The impact the Jonases brought to Topps, with the solid cult fanbase they had already on board with them despite a rough 2006, and the one they soon grew once Disney began to promote them in early 2007, is abundantly clear, and – in my opinion – a tough bar for the new group to meet.
For Topps, signing up the Clique Girlz carries little risk. If the band doesn’t strike a chord soon, Topps moves on. But if sales are as strong as Interscope hopes, the Baby Bottle Pop brand could get a boost. The Jonas Brothers certainly gave it one: Mr. Weinstock, citing Nielsen figures, said sales of the candy increased 7 percent in 2007 over the previous year, and increased 12 percent in 2008. “Quite impressive for a mature brand,” he said.
Read the whole story here.
I can see that Topps might feel the need to refresh the old Jonas approach, which still sits online, perfectly preserved and ever-more out of date. But is this really a model that can be duplicated – can anything honestly top the last lucky break?
OK, instead of worrying over such questions for a minute, just relive the original glory…
My favorite!! The full-length video.
This candy commercial, which I found online shortly after the “Hold On” video piqued my interest, was largely responsible for Phase II of my early Jonas besottedness…
Just before I clicked the link, I remember thinking “Baby Bottle Pop” was a clever, tongue-in-cheek song title meant to describe the kind of music they were producing (I didn’t own “It’s About Time”, yet). A few head-boppingly pleasant moments after I clicked, though, I was pretty much sold…on the Brothers, if not the pops. Apparently I am not alone. Almost two years later, the obscure video is pushing 2 million views and still getting hits and comments daily. LBF still requests this on the iPod regularly. And I can more than stand it on repeat – a reworked candy jingle. I also think it is a nice way to show how they sounded like themselves before they signed on to Disney.
The broadcast commercials:
Bonus Making Of!!
I find it kind of funny that Topps really wants to think the success of this had much to do with a clever corporate & PR machinations that will work with just anyone.

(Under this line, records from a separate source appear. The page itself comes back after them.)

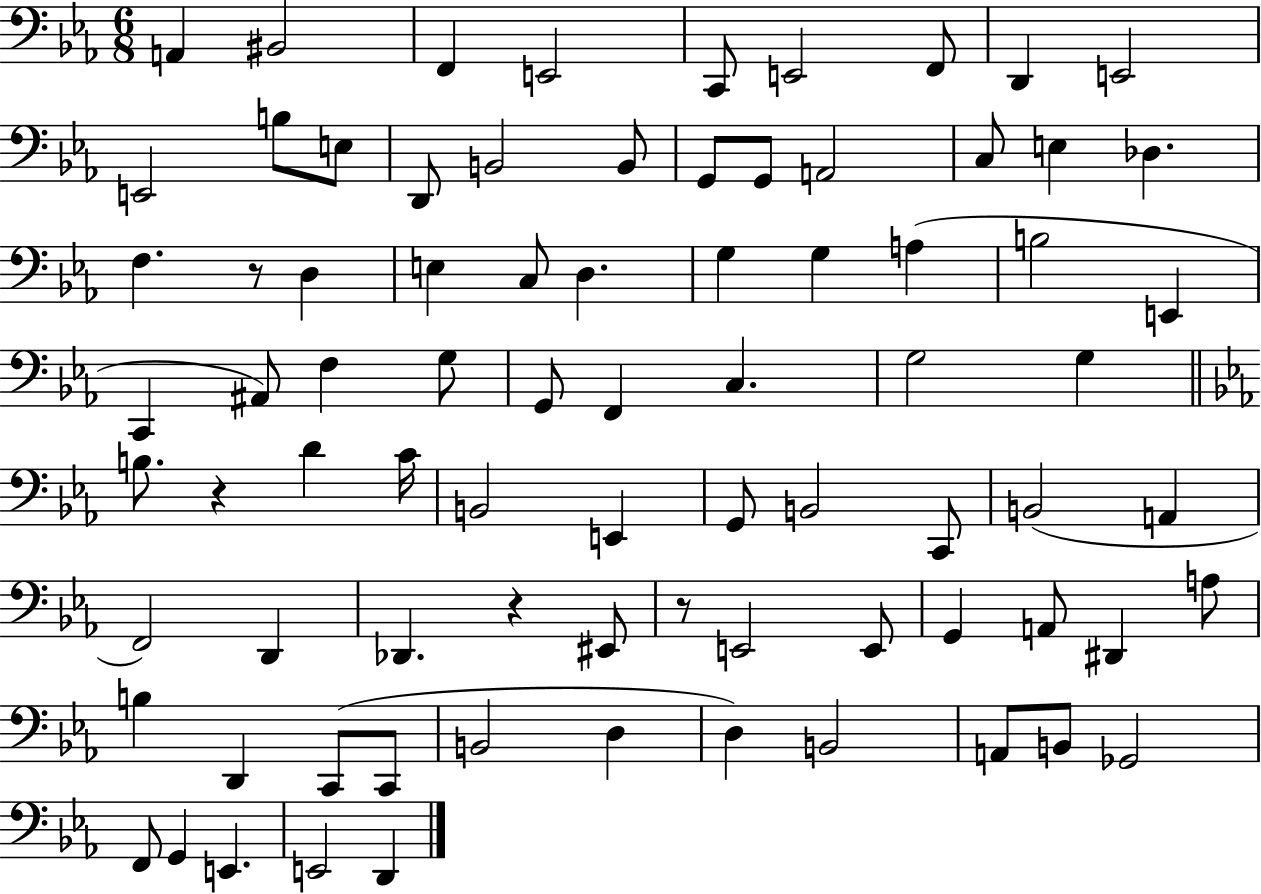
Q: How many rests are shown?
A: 4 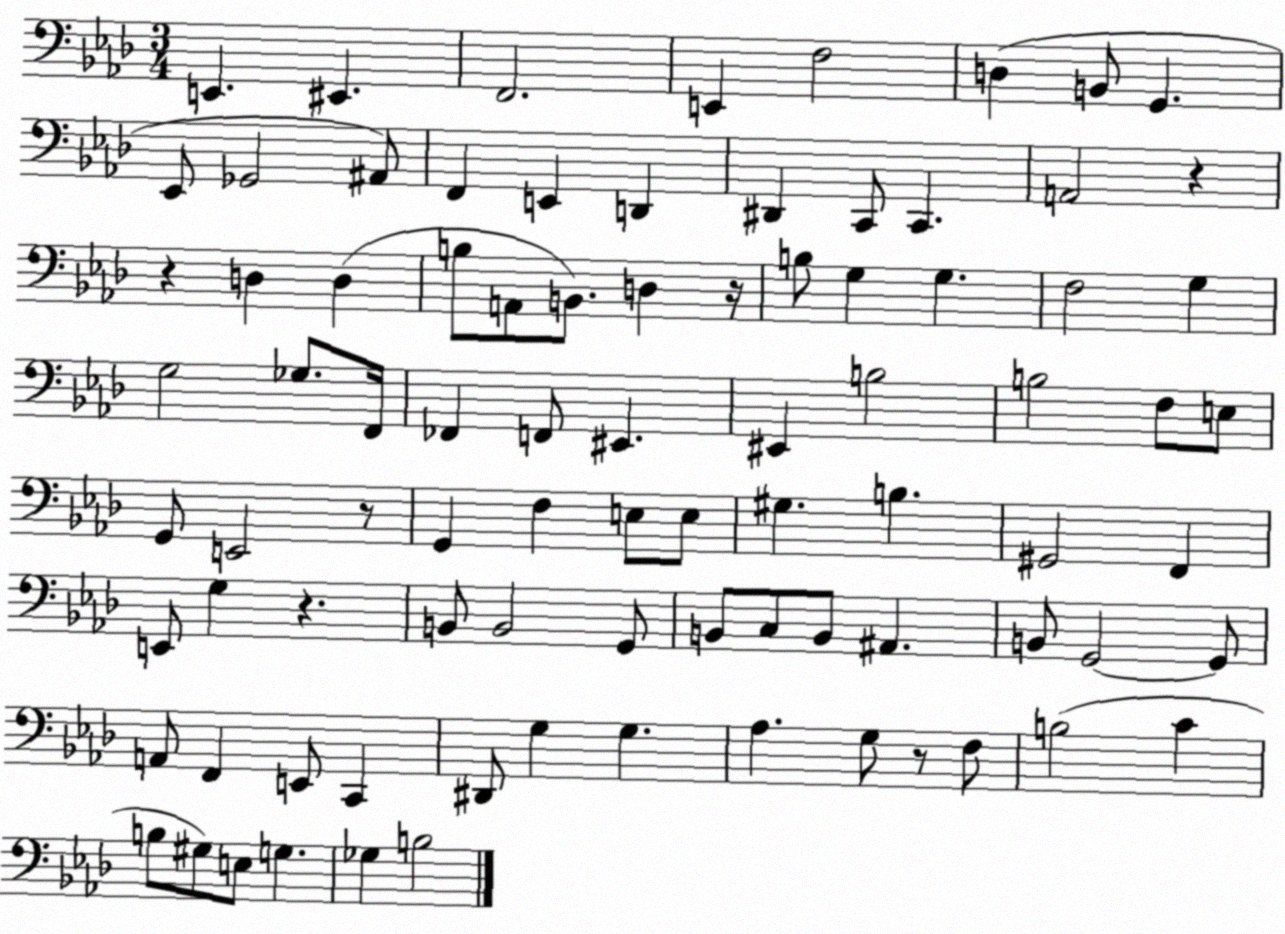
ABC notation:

X:1
T:Untitled
M:3/4
L:1/4
K:Ab
E,, ^E,, F,,2 E,, F,2 D, B,,/2 G,, _E,,/2 _G,,2 ^A,,/2 F,, E,, D,, ^D,, C,,/2 C,, A,,2 z z D, D, B,/2 A,,/2 B,,/2 D, z/4 B,/2 G, G, F,2 G, G,2 _G,/2 F,,/4 _F,, F,,/2 ^E,, ^E,, B,2 B,2 F,/2 E,/2 G,,/2 E,,2 z/2 G,, F, E,/2 E,/2 ^G, B, ^G,,2 F,, E,,/2 G, z B,,/2 B,,2 G,,/2 B,,/2 C,/2 B,,/2 ^A,, B,,/2 G,,2 G,,/2 A,,/2 F,, E,,/2 C,, ^D,,/2 G, G, _A, G,/2 z/2 F,/2 B,2 C B,/2 ^G,/2 E,/2 G, _G, B,2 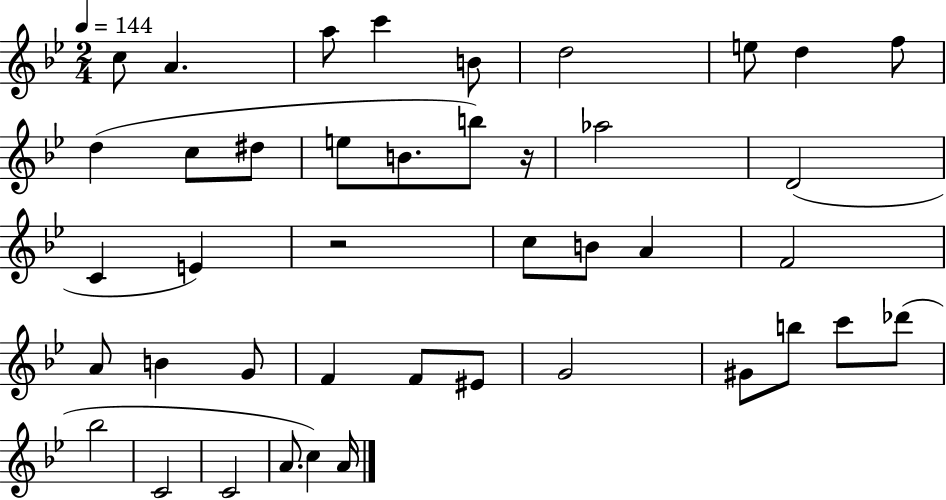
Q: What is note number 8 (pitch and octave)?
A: D5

And I have at this point even seen Disney PR trying to do the same, as their up-and-coming stars increasingly litter the internet with Jonas-esque silly & personal YouTube videos and SayNow interactions and posting of old family photos and videos. Executives seek to reproduce the magic of the Jonases’ alleged “springboarding to fame from Hannah Montana platform”* as they try to pull off a similar feat with Demi Lovato (who I like, it’s just not the same). All of this rarely goes off with the same spark the Jonases managed, though.
So can you really lather, rinse and repeat all the routines the Boys accomplished in from their quiet, humbled late 2006 to the massive (and still humbled!) start of 2009?
It is a great credit to the achievements of the Boys & their team that moguls are certainly interested in trying.